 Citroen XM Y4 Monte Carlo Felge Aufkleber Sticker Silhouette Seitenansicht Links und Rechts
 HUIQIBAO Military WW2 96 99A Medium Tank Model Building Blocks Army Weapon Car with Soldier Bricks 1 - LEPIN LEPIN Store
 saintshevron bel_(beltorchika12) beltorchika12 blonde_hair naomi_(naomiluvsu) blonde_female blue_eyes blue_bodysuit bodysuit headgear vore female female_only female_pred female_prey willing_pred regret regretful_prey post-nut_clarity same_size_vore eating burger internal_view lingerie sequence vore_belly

▬▬▬

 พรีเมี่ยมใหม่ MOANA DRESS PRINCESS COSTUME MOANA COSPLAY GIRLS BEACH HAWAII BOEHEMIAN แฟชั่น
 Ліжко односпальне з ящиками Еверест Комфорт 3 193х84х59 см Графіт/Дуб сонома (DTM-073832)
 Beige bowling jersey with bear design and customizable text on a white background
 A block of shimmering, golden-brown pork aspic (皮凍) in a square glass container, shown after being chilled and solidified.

▬▬▬

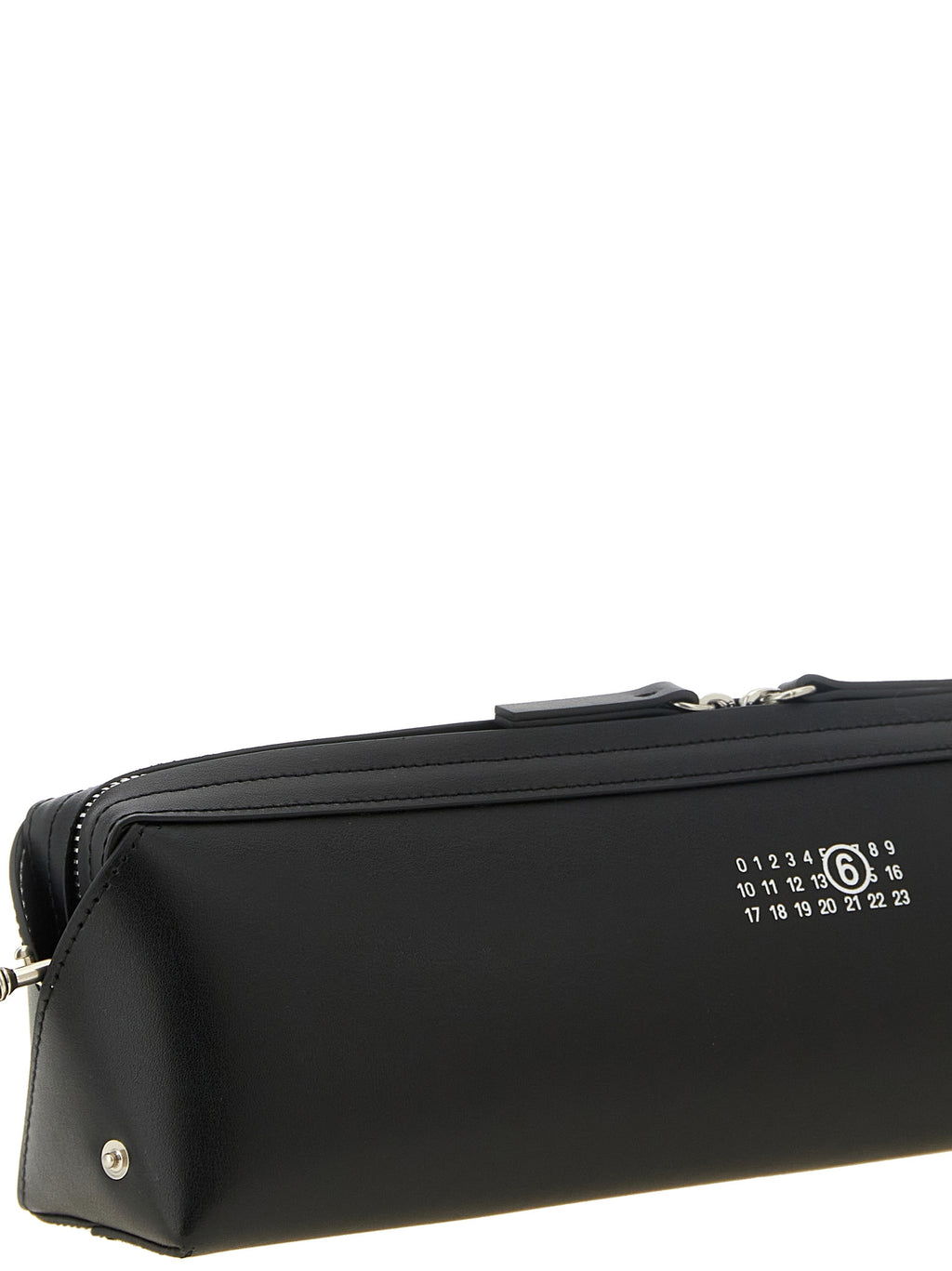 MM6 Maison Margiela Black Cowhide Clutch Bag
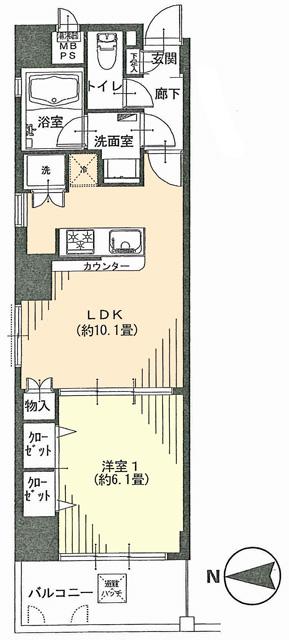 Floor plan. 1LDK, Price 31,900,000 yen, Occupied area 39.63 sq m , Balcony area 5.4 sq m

▬▬▬

TASK DETAILS
For each line above that includes the word "with", make a copy of that line.

RESULT
 HUIQIBAO Military WW2 96 99A Medium Tank Model Building Blocks Army Weapon Car with Soldier Bricks 1 - LEPIN LEPIN Store
 Beige bowling jersey with bear design and customizable text on a white background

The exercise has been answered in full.